Making this code section concurrent/parallel

I’m implementing an algorithm in Go I’ve done in various other languages.
I’ve first done a single-threaded GO version to ensure I’ve got it working.
Now I want to do a multi-threaded version, as I’ve done with the other languages.
I’m using Go 1.16.

Below is the single-threaded Go code I needed to make multi-threaded.

sums := make([]uint, pairscnt) 
lastwins := make([]uint, pairscnt)

for i, r_hi := range restwins { // sieve twinpair restracks
   l, c := twins_sieve(r_hi, kmin, kmax, kb, start_num, end_num, 
                       modpg, primes, resinvrs)
   lastwins[i] = l; sums[i] = c
   fmt.Printf("\r%d of %d twinpairs done", (i + 1), pairscnt)
}

Here I use a goroutine to make it multi-threaded.
It compiles, but seems to only executes one time, and gives incorrect numerical results.

sums := make([]uint, pairscnt)
lastwins := make([]uint, pairscnt)
  
for i, r_hi := range restwins {
   go func() {
      l, c := twins_sieve(r_hi, kmin, kmax, kb, start_num, end_num, 
                          modpg, primes, resinvrs)
      lastwins[i] = l; sums[i] = c
      fmt.Printf("\r%d of %d twinpairs done", (i + 1), pairscnt)
   }()
}

Here’s the same (working) snippet in Crystal, which has a similar concurrency model.
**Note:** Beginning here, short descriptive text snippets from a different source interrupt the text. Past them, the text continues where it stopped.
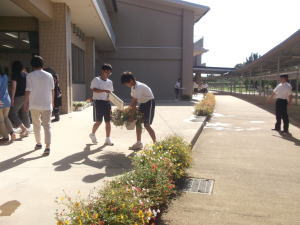 プランターの設置③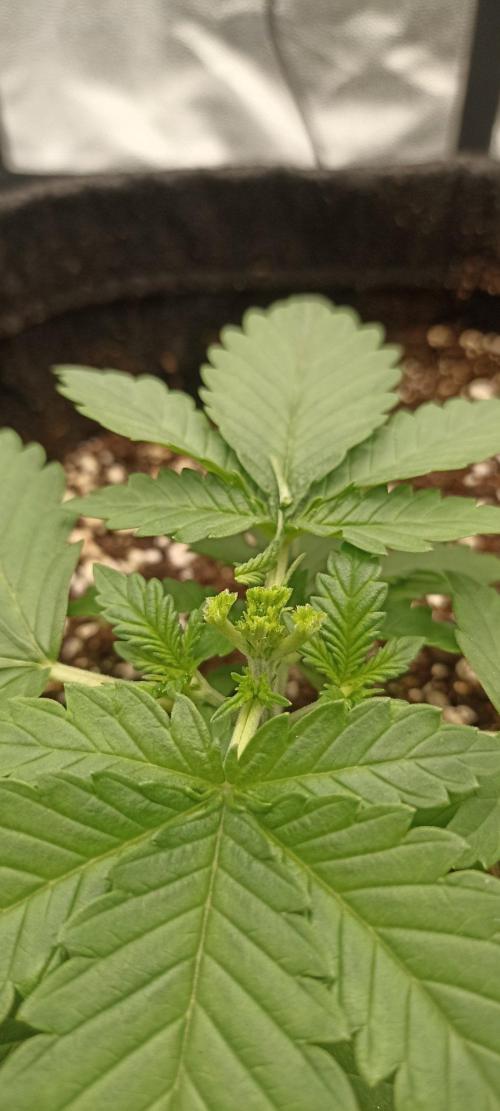 🌱 GrowReport #2 | Frostbanger & Friends. Week 2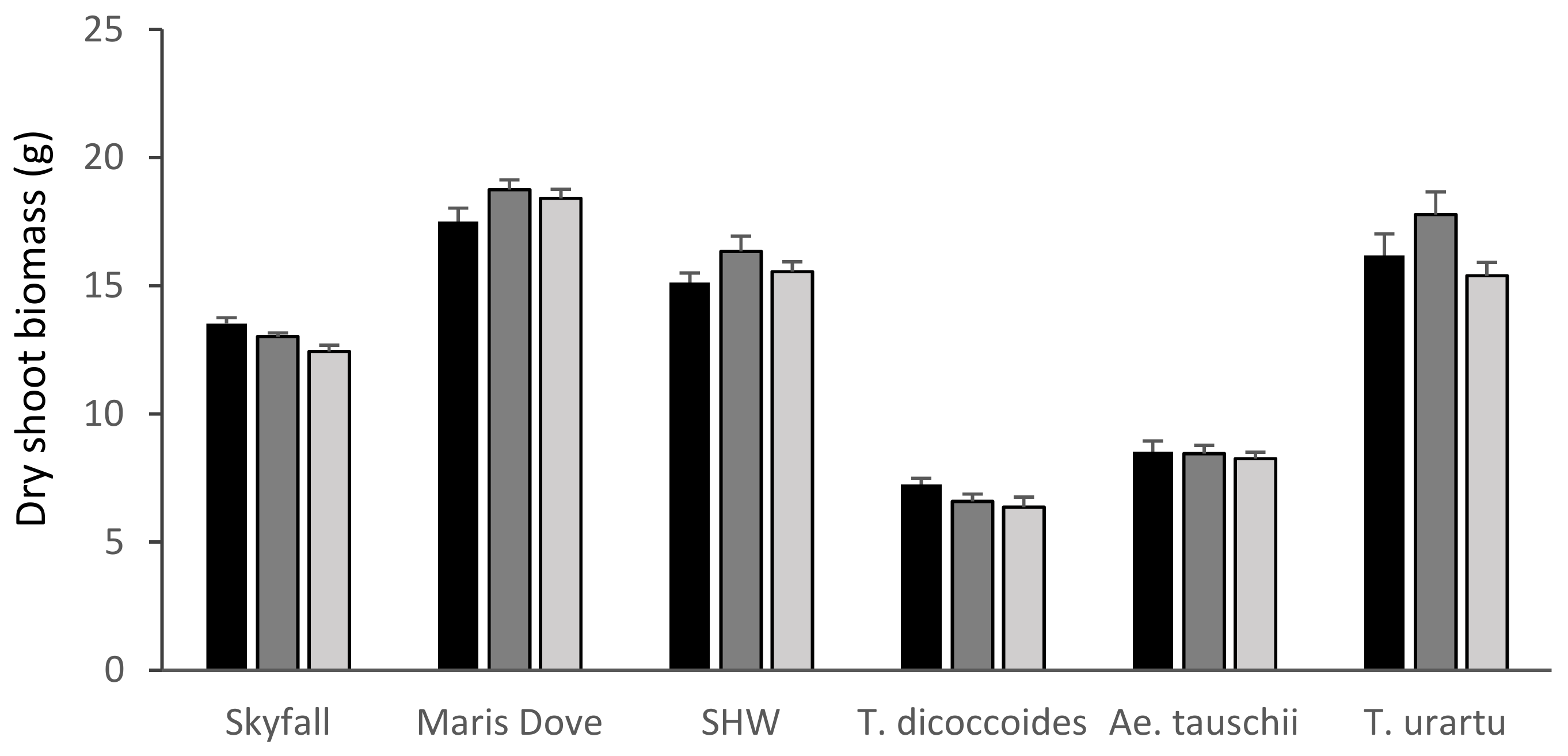 Plants Free Full Text Ozone Tolerance Found In Aegilops Tauschii And Primary Synthetic Hexaploid Wheat Html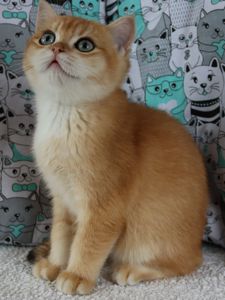 Кошенята Британська Шиншила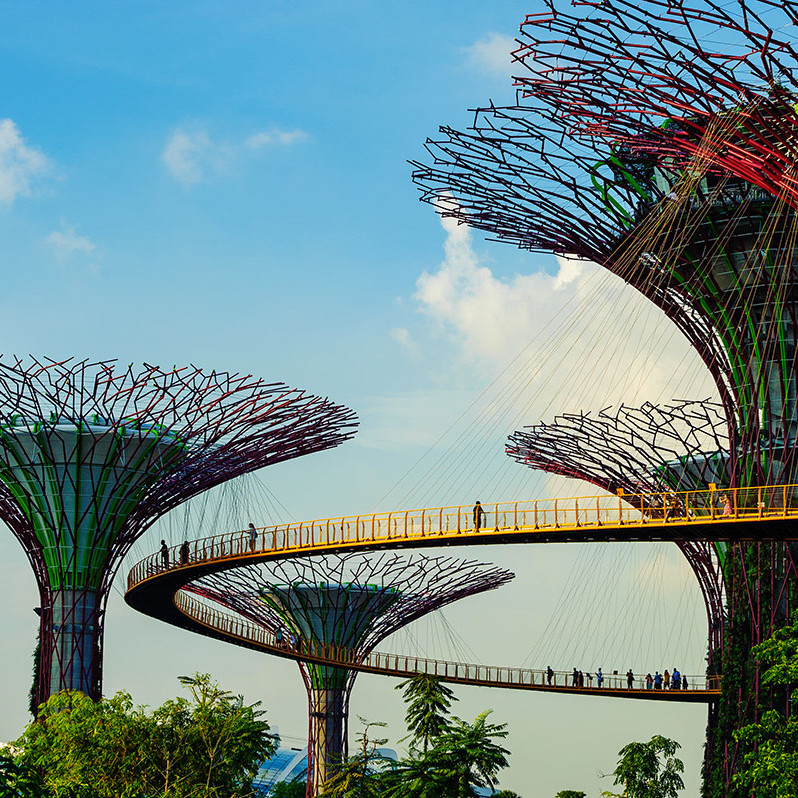Singapore View of the Supertree with people walking on the OCBC Skyway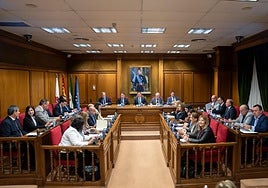 Pleno de la Diputación de Almería.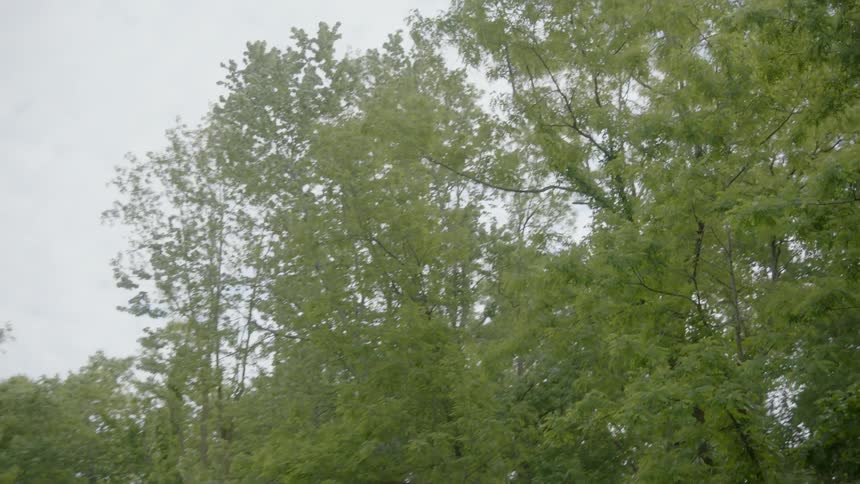 The tall trees reach into the cloudy sky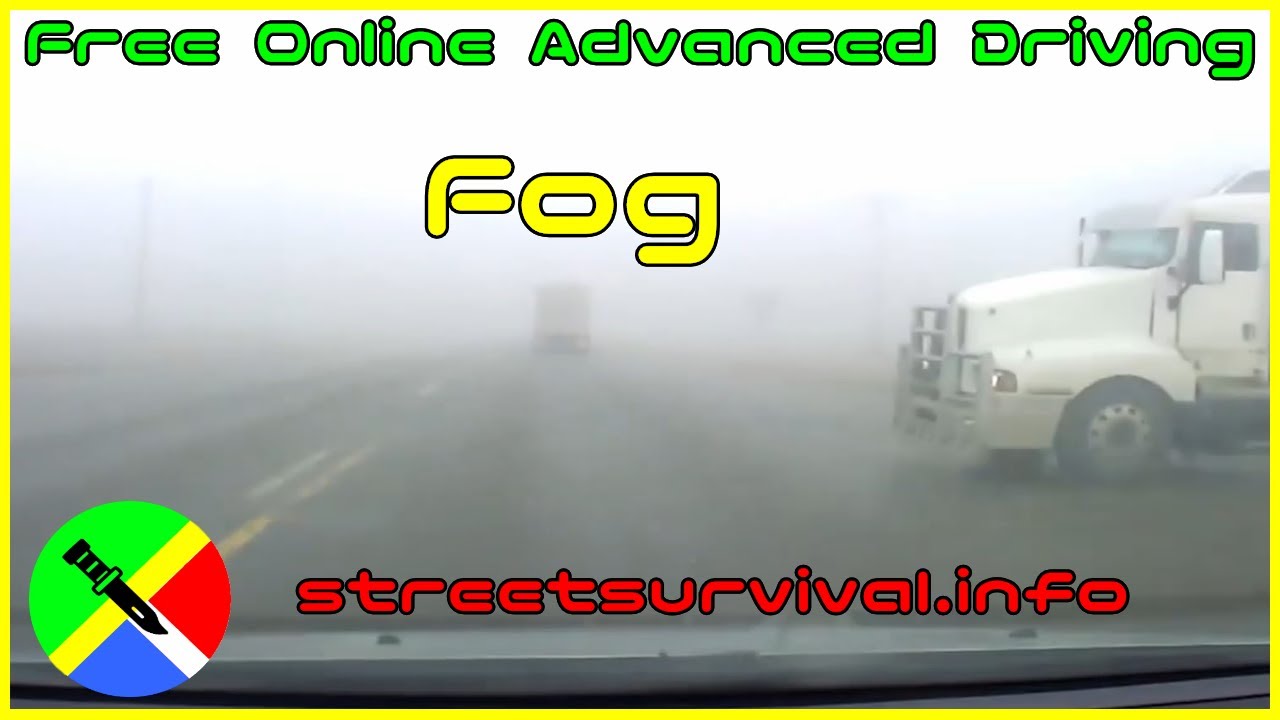 Dangerous Fog Driving Moments You Must See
sums = Array(UInt64).new(pairscnt, 0)
lastwins = Array(UInt64).new(pairscnt, 0)
done = Channel(Nil).new(pairscnt)

restwins.each_with_index do |r_hi, i|
  spawn do
    lastwins[i], sums[i] = twins_sieve(r_hi, kmin, kmax, kb, start_num, 
                           end_num, modpg, primes, resinvrs)
    print "\r#{i + 1} of #{pairscnt} twinpairs done"
    done.send(nil)
end end
pairscnt.times { done.receive }

Here’s the Rust snippet, which does true parallel execution, and is fastest of all versions.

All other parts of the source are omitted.